| Exercise instructions |
From the records below, extract only the lines running from the line with "And that does" to the line with "It's always a", both lines included, reproducing them exactly.
Start of Excerpted data
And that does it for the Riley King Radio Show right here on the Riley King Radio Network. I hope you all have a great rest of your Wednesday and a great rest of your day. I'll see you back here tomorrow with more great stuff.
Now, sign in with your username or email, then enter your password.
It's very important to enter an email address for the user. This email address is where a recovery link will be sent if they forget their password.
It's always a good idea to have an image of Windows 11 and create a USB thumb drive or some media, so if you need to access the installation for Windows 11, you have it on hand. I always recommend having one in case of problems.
End of Excerpted data
Start of Excerpted data
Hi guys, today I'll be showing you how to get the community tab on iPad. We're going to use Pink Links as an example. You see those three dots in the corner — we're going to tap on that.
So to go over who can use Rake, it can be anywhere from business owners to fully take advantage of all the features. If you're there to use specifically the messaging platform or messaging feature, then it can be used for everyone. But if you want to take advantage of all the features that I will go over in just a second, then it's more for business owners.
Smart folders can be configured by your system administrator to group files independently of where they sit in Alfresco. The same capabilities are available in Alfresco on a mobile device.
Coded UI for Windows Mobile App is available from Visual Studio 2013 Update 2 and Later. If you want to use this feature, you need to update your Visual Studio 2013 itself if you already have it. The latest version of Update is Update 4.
End of Excerpted data
Start of Excerpted data
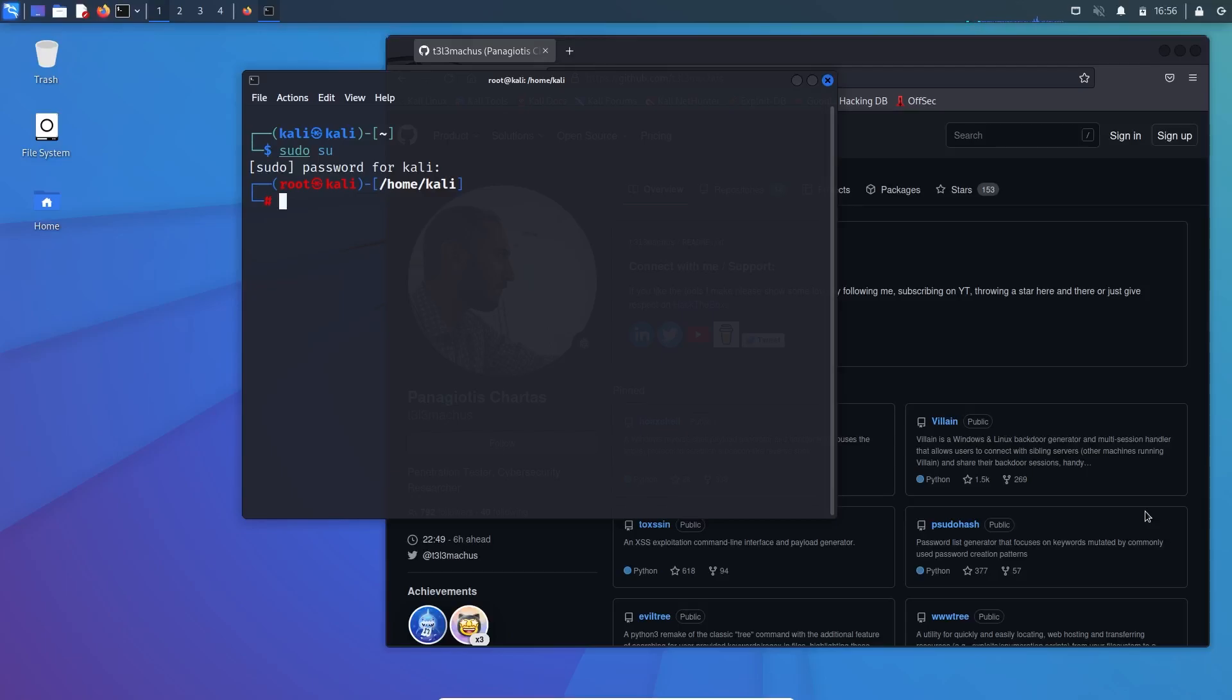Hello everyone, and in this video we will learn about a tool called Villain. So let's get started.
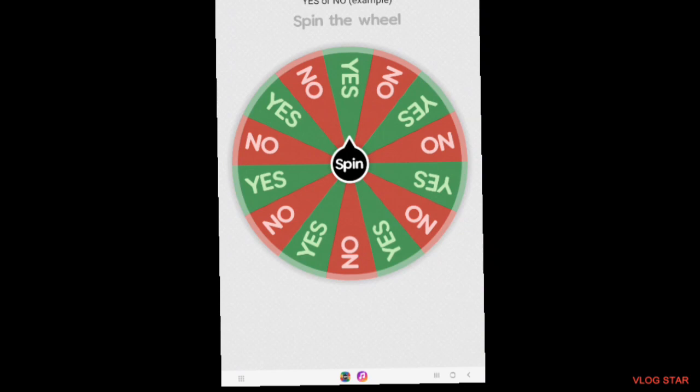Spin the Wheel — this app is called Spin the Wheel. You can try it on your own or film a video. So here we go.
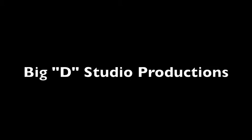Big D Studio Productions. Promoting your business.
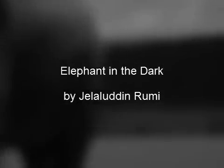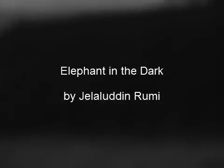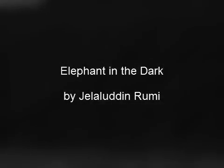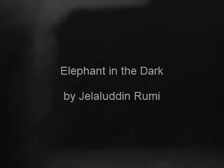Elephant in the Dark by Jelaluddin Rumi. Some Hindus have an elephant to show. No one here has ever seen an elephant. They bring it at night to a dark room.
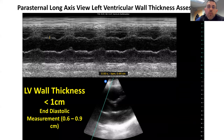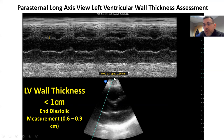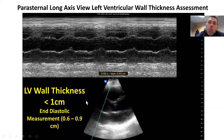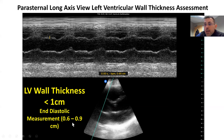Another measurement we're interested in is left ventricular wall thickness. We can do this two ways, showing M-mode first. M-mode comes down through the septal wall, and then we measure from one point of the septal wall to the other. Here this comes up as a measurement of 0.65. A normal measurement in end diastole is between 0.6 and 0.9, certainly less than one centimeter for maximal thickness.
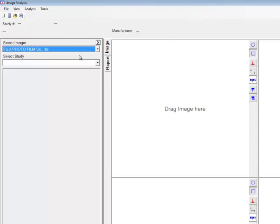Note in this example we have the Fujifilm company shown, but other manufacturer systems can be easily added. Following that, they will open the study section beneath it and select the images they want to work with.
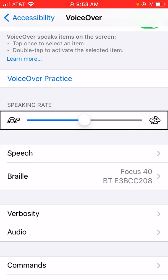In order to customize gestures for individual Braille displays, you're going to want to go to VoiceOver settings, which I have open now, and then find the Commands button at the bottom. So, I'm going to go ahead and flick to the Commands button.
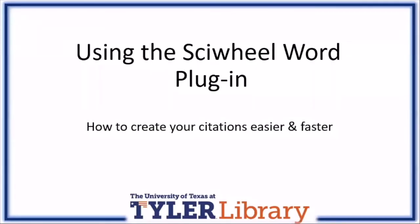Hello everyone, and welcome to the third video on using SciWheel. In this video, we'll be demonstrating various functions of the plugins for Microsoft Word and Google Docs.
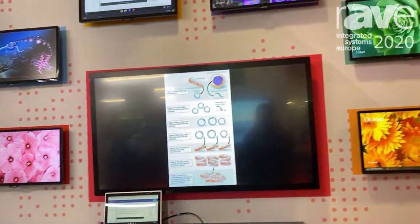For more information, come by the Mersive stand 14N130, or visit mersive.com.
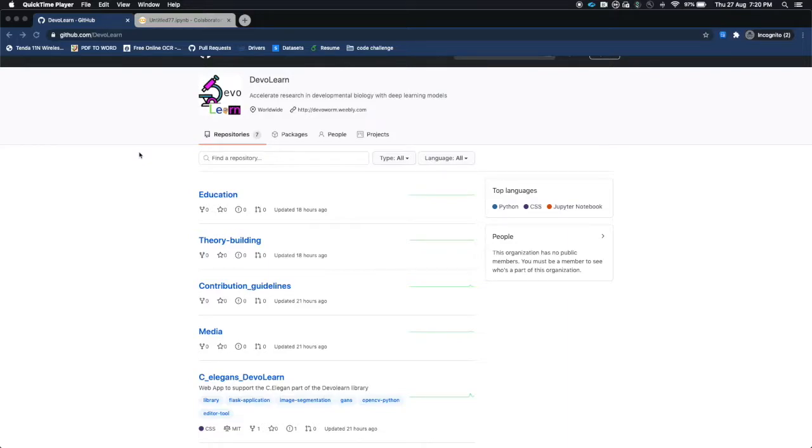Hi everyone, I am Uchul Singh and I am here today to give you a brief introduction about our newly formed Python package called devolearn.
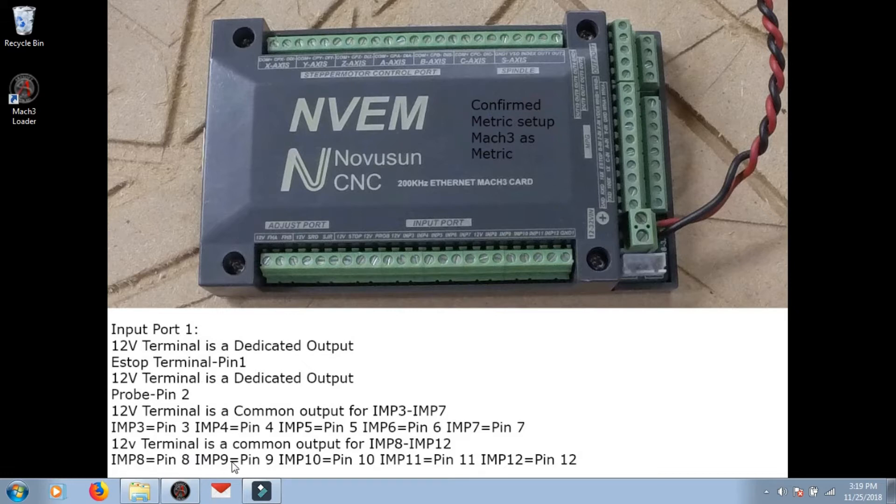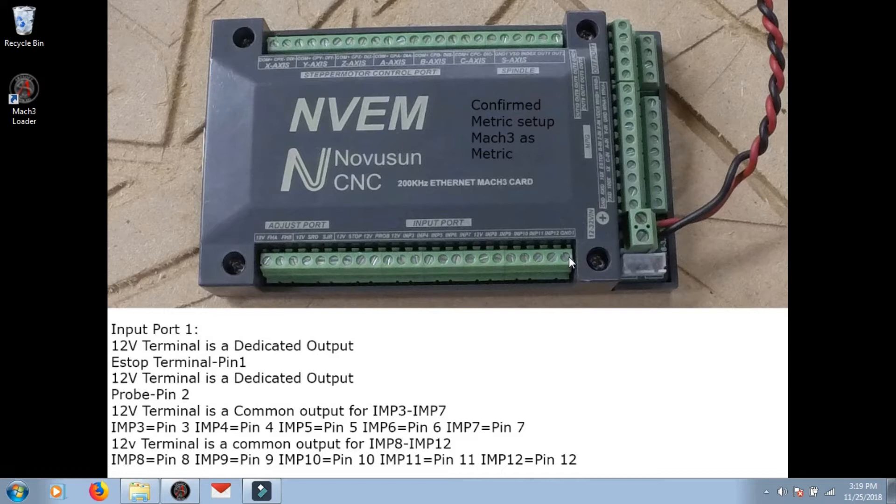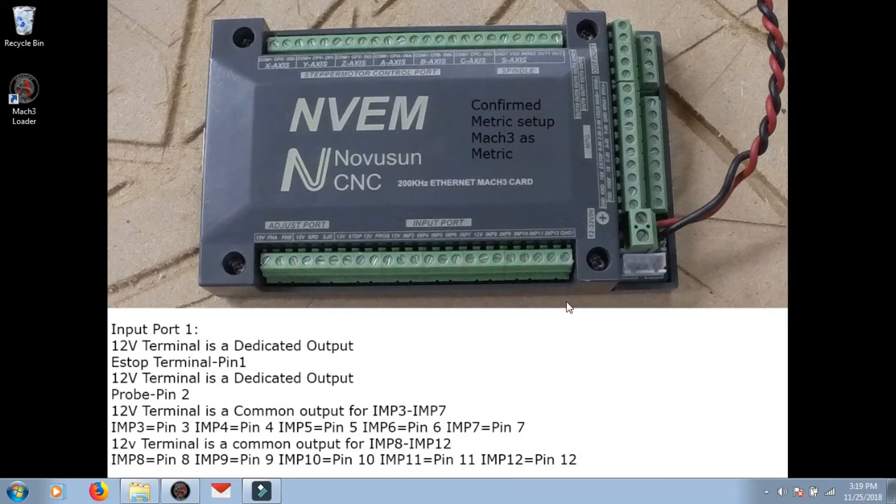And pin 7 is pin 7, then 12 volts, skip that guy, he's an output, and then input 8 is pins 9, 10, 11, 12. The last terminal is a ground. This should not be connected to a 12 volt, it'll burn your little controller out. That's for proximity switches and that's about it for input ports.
End of Excerpted data
| Answer to this exercise |
And that does it for the Riley King Radio Show right here on the Riley King Radio Network. I hope you all have a great rest of your Wednesday and a great rest of your day. I'll see you back here tomorrow with more great stuff.
Now, sign in with your username or email, then enter your password.
It's very important to enter an email address for the user. This email address is where a recovery link will be sent if they forget their password.
It's always a good idea to have an image of Windows 11 and create a USB thumb drive or some media, so if you need to access the installation for Windows 11, you have it on hand. I always recommend having one in case of problems.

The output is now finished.